The upcoming IntelliJ IDEA 2018.1 gives you the ability to quickly find a problem in your code. The IDE now highlights the folded code regions that contain errors or warnings, and colors such blocks according to their validation status.


The IDE also highlights the folded code regions if they contain any matching occurrences when you search through the current file.


When you place the caret on an identifier, and the IDE highlights its usages you can now use the new Alt + Wheel down or Alt + Wheel up shortcuts to jump to the next or previous identifier occurrence.


Project Configuration

There is a new Include dependencies with “Provided” scope option for the Application and Spring Boot configurations in the Run/Debug Configurations dialog. This new feature allows you to add “provided” dependencies to the classpath when needed. Please note that the Include dependencies with “Provided” scope option is enabled by default for the Spring Boot applications.

The upcoming IntelliJ IDEA now gives you the ability to change qualified names for several modules at once by using the new Change Module Names… action from the context menu of the Project Structure dialog.


Replace Improvements

The upcoming IntelliJ IDEA 2018.1 has the ability to preview a regex replacement in the Replace in Path window.


Structural Search Enhancements

We have improved our Structural Search feature to give you the ability to find method calls to annotated methods. In the Structural Search dialog, you can create your own search template or choose from the existing search templates. In the following example, the Structural Search finds all method calls to methods marked as @Deprecated.

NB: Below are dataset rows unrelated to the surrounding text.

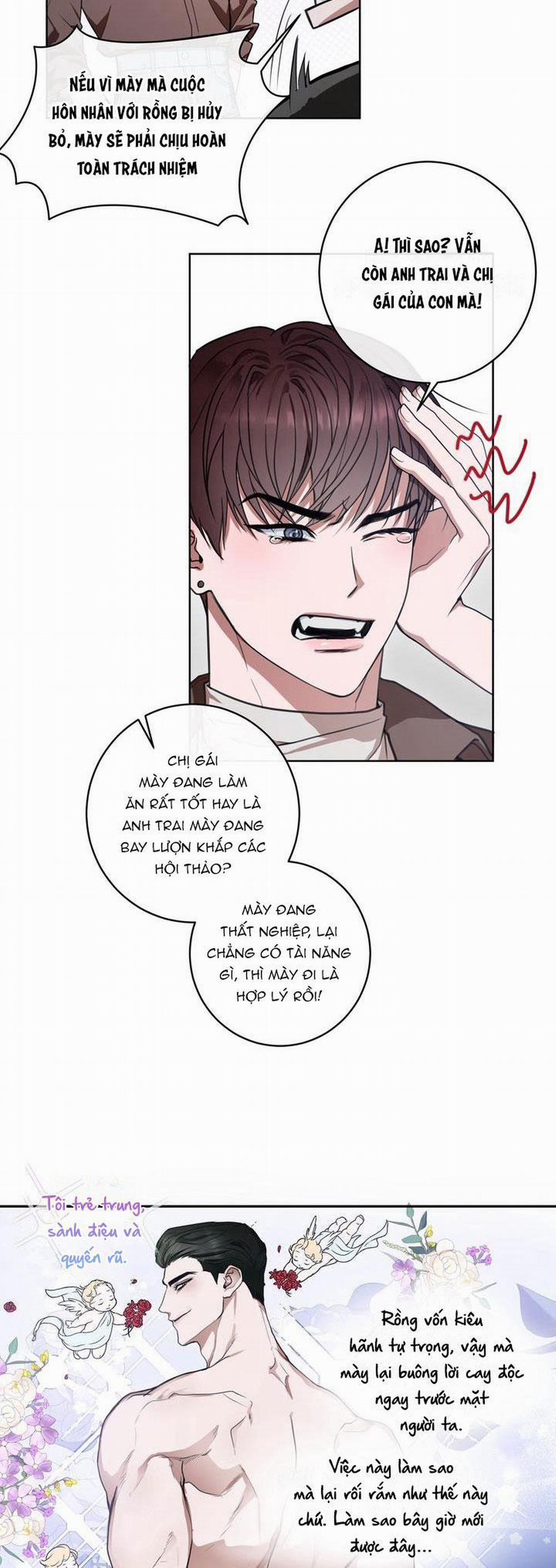 Hương Vị Người Ngoài Hành Tinh 5 trang 12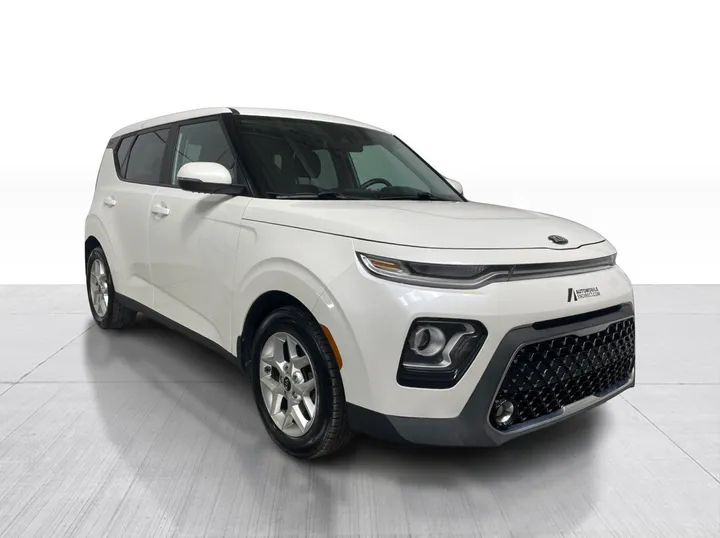 2021 Kia Soul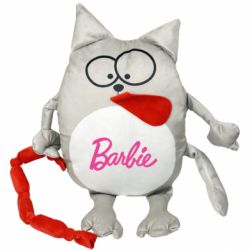 М'яка іграшка Котик Барбі - FATLINE М'яка іграшка Котик Барбі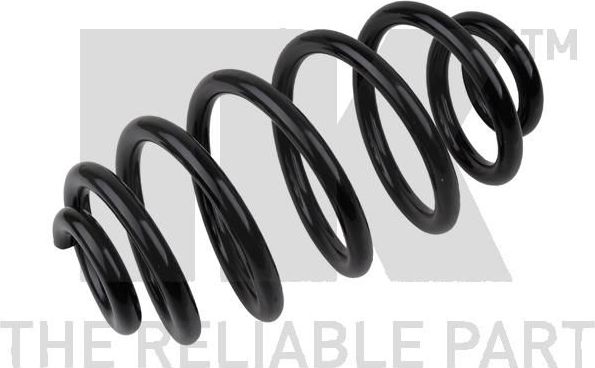 Пружина подвески NK. Артикул 543672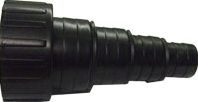 PondXpert Spares PondXpert SpinClean Black Hosetail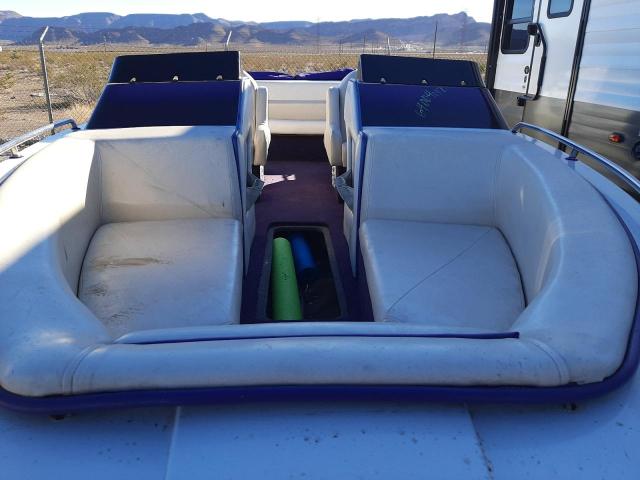 APC2T178I203 - 2003 AFTR BOAT თეთრი ფოტო 9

For Groovy files and modules a new refactoring action is available from the context menu in the Refactor | Convert to @CompileStatic.
The Convert to @CompileStatic action annotates every groovy class in the scope of the @CompileStatic annotation.

2018-02-27 18_05_36


Here is some long-awaited news for Android Developers! The upcoming IntelliJ IDEA 2018.1 merges the changes from Android Studio 3.0 and brings in dozens of new features, with the following major new ones:

First of all, IntelliJ IDEA now supports the latest Android Oreo APIs, and lets you build Java 8 Android applications, as well as Kotlin Android applications.

Furthermore, now the IDE supports Gradle 3.0.0 for Android applications.

The Layout Editor has been improved: a new toolbar layout and icons, updated layouts in the component tree, a new error panel and more.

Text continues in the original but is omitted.